■ Aim of the task ■
For each record below, retype the text exactly and omit any image.

-- Opening Marker --

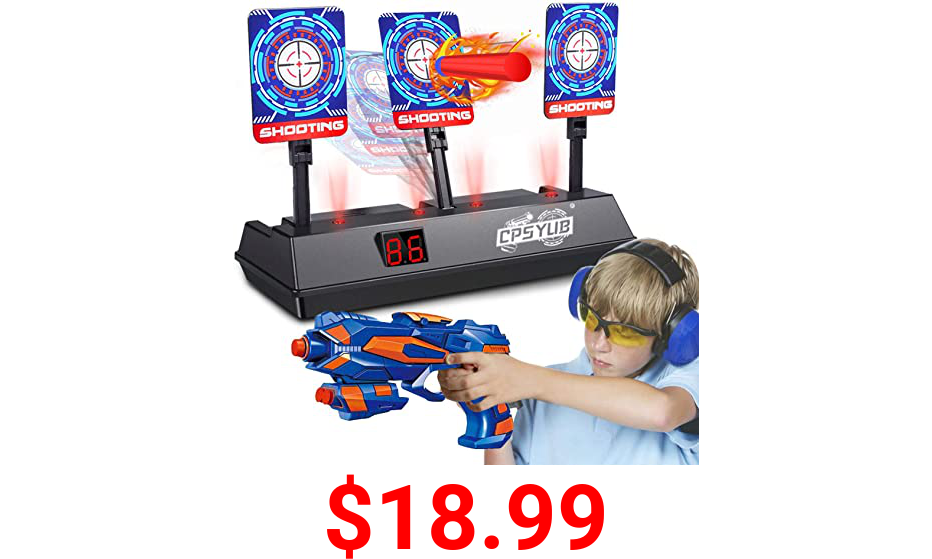 CPSYUB (2021 Updated Edition) Electric Digital Target for Nerf Guns Toys,Scoring Auto Reset Nerf Target for Shooting with Wonderful Light Sound Effect Nerf Guns for Boys Girls（Only Target）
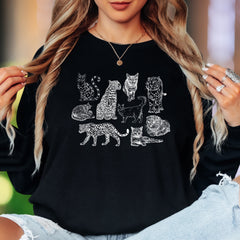 "Feline Friends" | Vintage Cat Illustration Unisex Adult Long Sleeve T-Shirt | Animal Lover Apparel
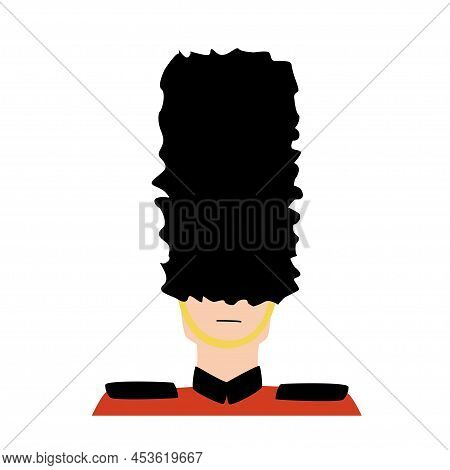 British Royal Guard Vector Illustration. Royal Life Guard In Black Bearskin Hat.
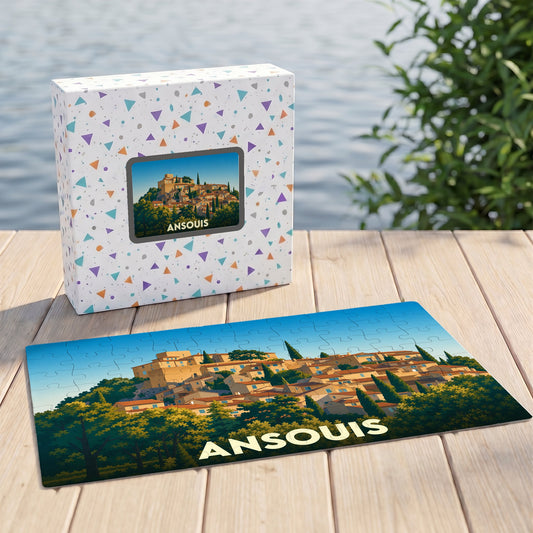 Puzzle souvenir de la ville d'Ansouis représentant une vue panoramique du village perché.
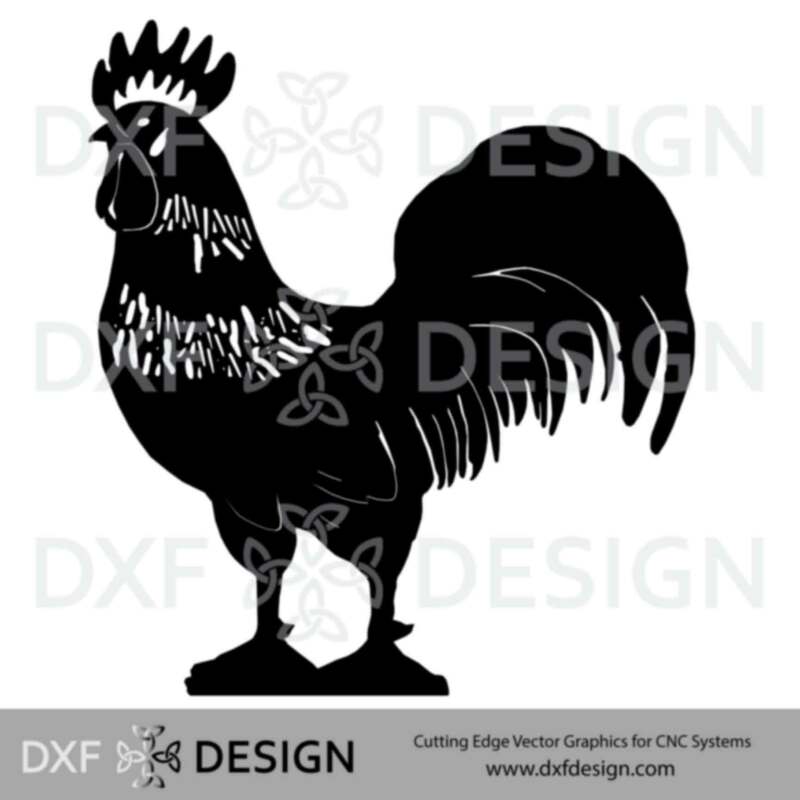 Rooster DXF File, Silhouette Vector Art for CNC Plasma, Laser or Water Jet Cutting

-- Closing Marker --

■ Output ■
 CPSYUB (2021 Updated Edition) Electric Digital Target for Nerf Guns Toys,Scoring Auto Reset Nerf Target for Shooting with Wonderful Light Sound Effect Nerf Guns for Boys Girls（Only Target）
 "Feline Friends" | Vintage Cat Illustration Unisex Adult Long Sleeve T-Shirt | Animal Lover Apparel
 British Royal Guard Vector Illustration. Royal Life Guard In Black Bearskin Hat.
 Puzzle souvenir de la ville d'Ansouis représentant une vue panoramique du village perché.
 Rooster DXF File, Silhouette Vector Art for CNC Plasma, Laser or Water Jet Cutting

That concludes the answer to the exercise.